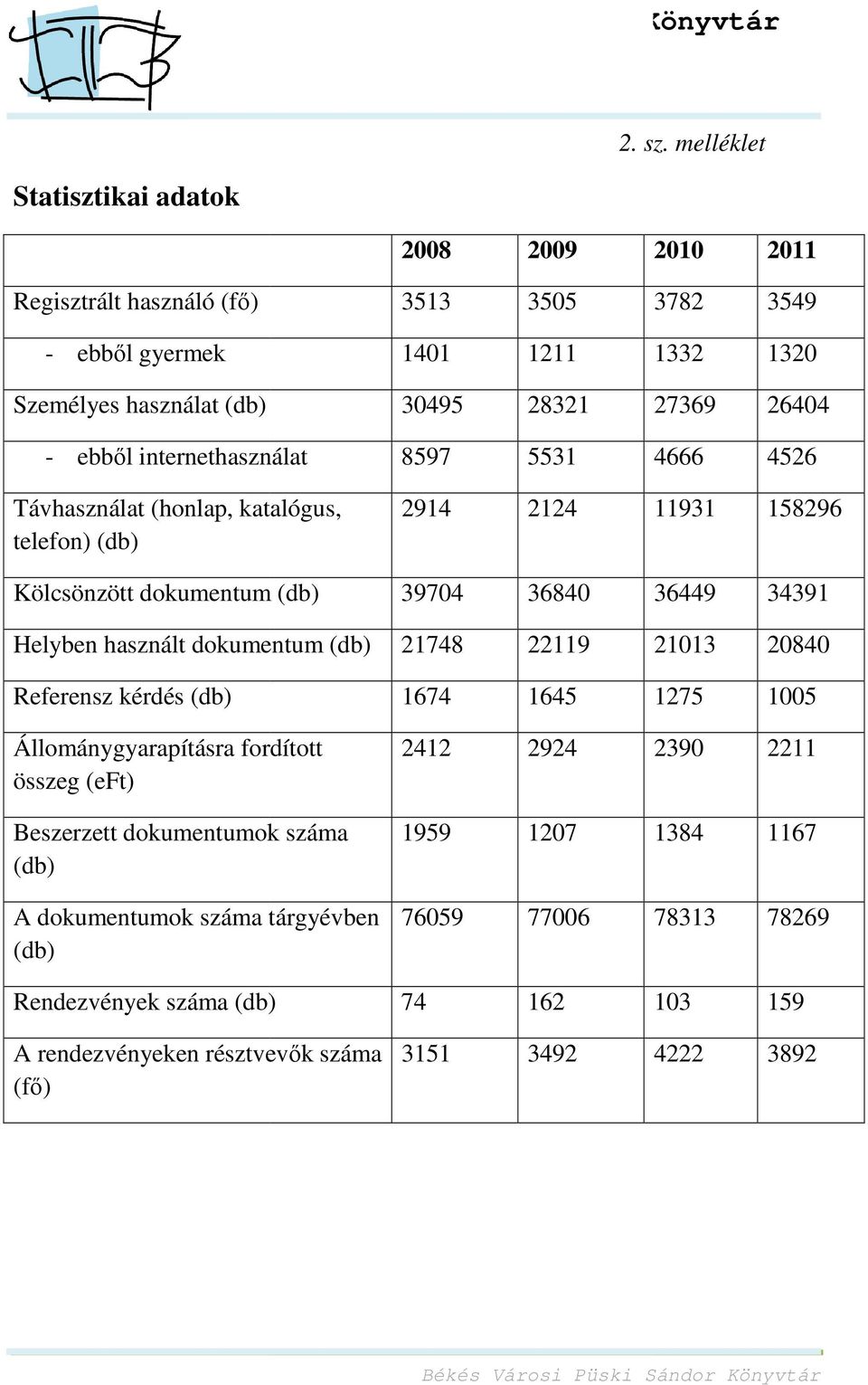 internethasználat Távhasználat (honlap, katalógus, telefon) (db) Kölcsönzött dokumentum (db) Helyben használt dokumentum (db) 8597 2914 39704 21748 5531 2124 36840 22119 4666 4526 11931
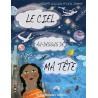 Le ciel au-dessus de ma tête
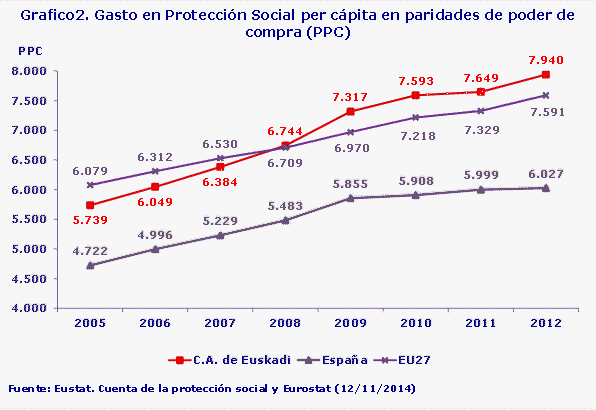 Grafico2. Gasto en Protección Social per cápita en paridades de poder de compra (PPC)
Fuente: Eustat. Cuenta de la protección social y Eurostat (12/11/2014)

Assignment
Lines from the one containing "Grafico2. Gasto en" through the end of the listing, both included, are to be restated exactly, and pictures are to be left out.

Written response
 Grafico2. Gasto en Protección Social per cápita en paridades de poder de compra (PPC)
Fuente: Eustat. Cuenta de la protección social y Eurostat (12/11/2014)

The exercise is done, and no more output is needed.